Puseram-me novamente no chão, enquanto alguém apanhava uma padiola. Assim que soube que a bala atravessara o pescoço de fora a fora, achei naturalíssimo que ia morrer. Jamais ouvi falar em homem ou animal que recebesse uma bala pelo meio do pescoço e conseguisse sobreviver. O sangue escorria pelo canto da boca, e cá comigo pensei: "Lá se foi a artéria!" Fiquei a imaginar quanto tempo alguém dura quando a carótida é cortada; não deviam ser muitos minutos. Tudo estava muito confuso.

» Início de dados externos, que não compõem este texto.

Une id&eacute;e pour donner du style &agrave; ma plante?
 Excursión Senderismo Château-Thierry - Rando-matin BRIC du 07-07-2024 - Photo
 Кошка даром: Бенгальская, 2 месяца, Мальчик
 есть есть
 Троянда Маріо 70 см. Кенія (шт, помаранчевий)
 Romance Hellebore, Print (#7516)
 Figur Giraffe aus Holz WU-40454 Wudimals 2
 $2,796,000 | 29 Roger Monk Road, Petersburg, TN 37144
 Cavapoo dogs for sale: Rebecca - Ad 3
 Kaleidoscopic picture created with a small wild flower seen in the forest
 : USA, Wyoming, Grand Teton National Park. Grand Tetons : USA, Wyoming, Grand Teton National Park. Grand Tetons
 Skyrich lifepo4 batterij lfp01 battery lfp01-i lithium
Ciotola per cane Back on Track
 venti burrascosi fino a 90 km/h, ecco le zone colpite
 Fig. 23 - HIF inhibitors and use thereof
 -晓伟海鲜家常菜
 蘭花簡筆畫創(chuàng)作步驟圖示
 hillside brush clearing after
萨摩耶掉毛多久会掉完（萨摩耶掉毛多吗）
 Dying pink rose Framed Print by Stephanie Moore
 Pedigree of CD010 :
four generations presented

Devem ter transcorrido uns dois minutos nos quais pensei estar morto. E também isso foi muito interessante, quer dizer, é interessante saber quais seriam os pensamentos numa hora daquelas. Meu primeiro pensamento, coisa bastante convencional, foi para minha mulher. O segundo foi o rancor violento por ter de deixar este mundo que, diga-se lá o que disserem, para mim é muito agradável. Tive tempo de sentir isso com muita vividez. O caráter fortuito e estúpido da coisa enchia-me de fúria. A falta de sentido naquilo tudo! Ser liquidado, nem mesmo em batalha, mas naquele canto sujo de trincheira, por causa do descuido de um instante! Pensava, também, no homem que me acertara - se era espanhol ou estrangeiro, sua aparência, se sabia que me acertara, e assim por diante. Não conseguia sentir qualquer raiva dele. Achava que, sendo ele um fascista, eu teria dado cabo de seu canastro, se pudesse, mas que se ele fosse aprisionado e trazido ali, naquele instante, eu simplesmente lhe teria dado parabéns pelo belo tiro. Pode ser, porém, que quem realmente esteja morrendo tenha pensamentos muito diferentes.
Mal me puseram na padiola e meu braço paralisado voltou à vida e começou a doer miseravelmente. Naquela ocasião imaginei que o quebrara quando caíra ao chão, mas a dor trouxe reconforto, pois eu sabia que as sensações não se fazem mais agudas quando alguém está morrendo.